A pérola fica por conta de Vinicius de Moraes. Antônio e eu fomos visitá-lo, e encontramos o poetinha na santa paz de seu coração, acompanhado do filho Pedro que é também um artista. Vinicius nos mostrou um álbum de magníficas fotos do Rio de Janeiro, com textos assinados por ele e por Ferreira Gullar. Depois, comentou:
— Imaginem vocês que as pessoas ficando doidas, generosas e sem critério. Apareceu aí um publicitário me oferecendo um dinheiro por 30 segundos na TV. Meu trabalho era só aparecer com um copo de uísque na mão, dizendo:
“Que não seja imortal, posto que é chama,
Mas que seja infinito enquanto DRURY'S”!
2. Por falar em Gullar, sonhei que ele estava de volta ao Brasil, após longa temporada no exterior. Fiquei feliz (depois de acordar), ao percorrer as livrarias e verificar que o Poema sujo está esgotado. Feliz pelo poema, a voz reencontrada, a saudade do Brasil concentrada na infância e no Maranhão. Triste, por ser apenas um sonho. Só quem andou longe pode avaliar o que vem a ser a saudade deste país, onde nascemos e, bem ou mal, temos que tocar para a frente. Certa vez, intentando um exílio voluntário, fui apanhado por esse sentimento em plena neve, no Boulevard de Montparnasse. Algumas horas depois, voava de volta ao lar. Sabem o que me lançara naquela necessidade urgente de pátria? O mais infantil dos desejos: eu queria provar o gosto da cerveja Malzbier, geladinha, num botequim bem vagabundo! Por isso abandonei a França e um destino que já se configurava. O único país que temos é este Brasilzinho avacalhado, de samba, futebol e outras bossas que não trocamos por nenhum outro. No sonho, recebíamos Gullar com solene festa, ao jeito que ele prefere, sem destemperos e com aguda percepção do nosso destino nacional. Os seus mortos queridos, que se vão na flor da idade, estavam presentes. E recitavam o meu predileto na coleção da Luta Corporal:
“As rosas que colho não são essas, frementes na iluminação da manhã”...

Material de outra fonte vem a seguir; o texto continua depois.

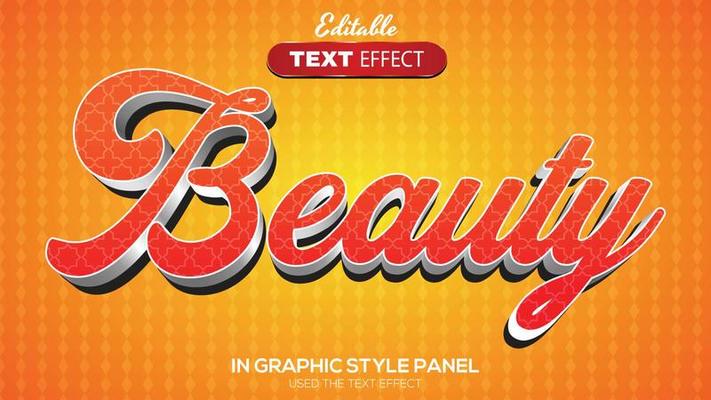 3D editable text effect beauty theme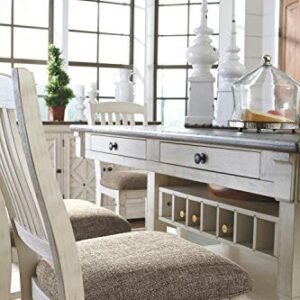 Signature Design by Ashley Bolanburg Farmhouse Counter Height Dining Room Table, White & Brown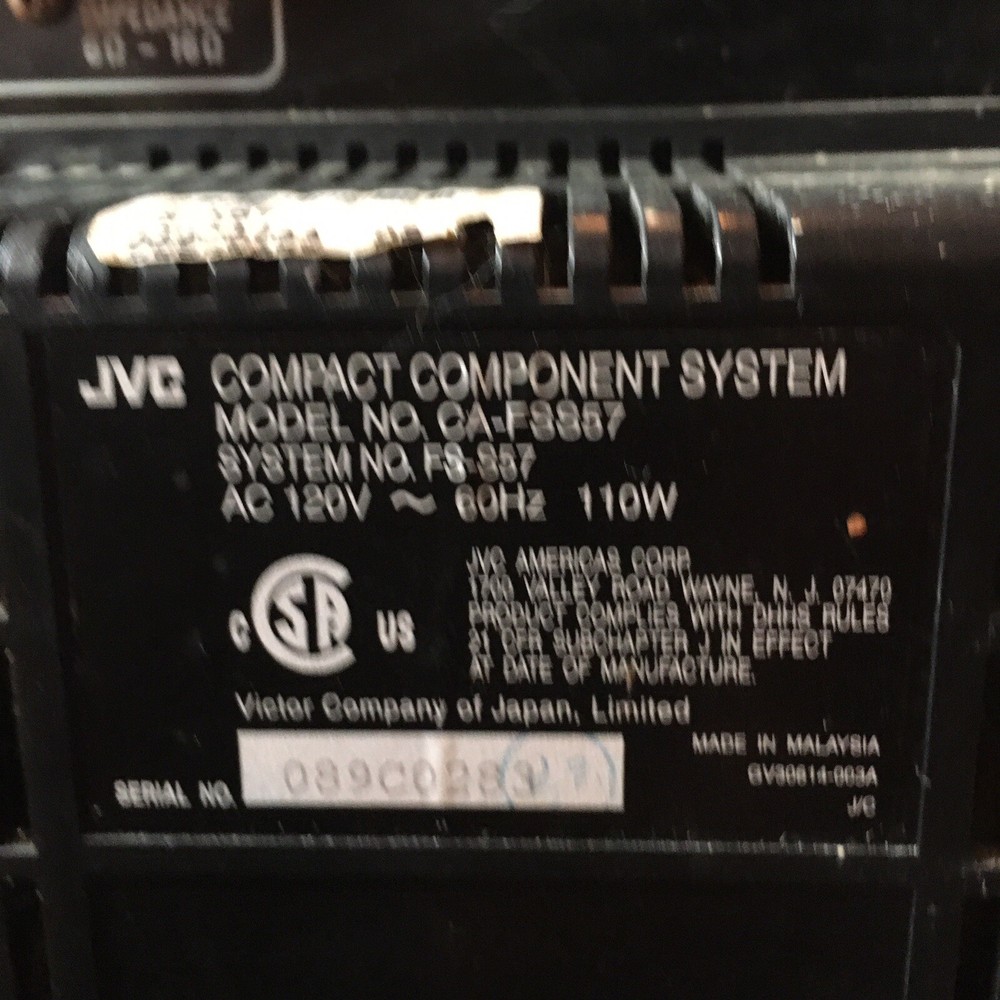 jvc compact component system ca-fss57 With So-uxs57 Speaker System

3. Bomba! Bomba! Paul Newman despistou todo mundo e está em minha casa, bebendo champanhe e fazendo retiro espiritual. Explicou que não pretende badalar com Jorginho Guinle, Tânia Caldas, Odile e Paulo Coelho. “Badalação eu tenho em toda parte, o ano inteiro”, comentou. E anunciou a chegada, em três ou quatro semanas, de Frank Sinatra em pessoa, agora que foi desfeita a maldição da bruxa. Todos sabem que uma bruxa, nos anos 40, advertiu Sinatra: “Não vá ao Brasil antes de 1977, que a morte te alcança”. Liberado agora pelas potências infernais, poderá finalmente conhecer o nosso jet set. Mas pede que não o obriguem a cantar no Fantástico, andando descalço na beira do mar.

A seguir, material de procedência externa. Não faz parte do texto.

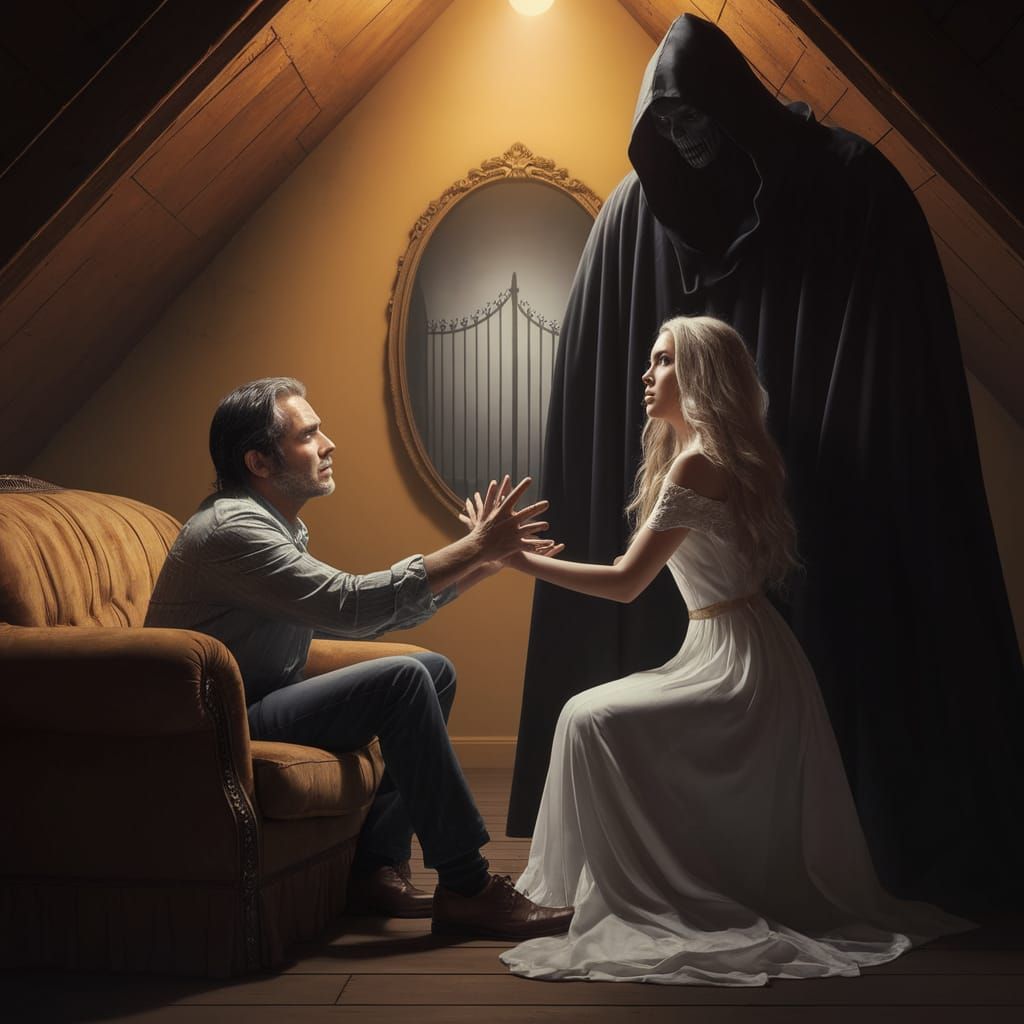 Mysterious Attic Scene with Desperate Man and Captive Woman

4. Não vejo Ronaldinho há três meses. É um boêmio de Ipanema, famoso pelas confusões em que se envolve, e que felizmente sempre terminam bem. Telefonei para lhe dar as boas festas e o papo foi rápido:
— Alô? Ronaldinho?
— Ele mesmo.
— Aqui é o Carlinhos, pô.
A resposta veio apavorada, do fundo do abismo dessa noite que principiou na véspera do Natal:
— Carlinhos... Eu não me lembro de nada, mas estou profundamente arrependido!
Desliguei, concluindo que, como diz Vinicius, o pessoal está mesmo doido e sem critério. Agora, avancemos, trôpegos, na direção de 1977!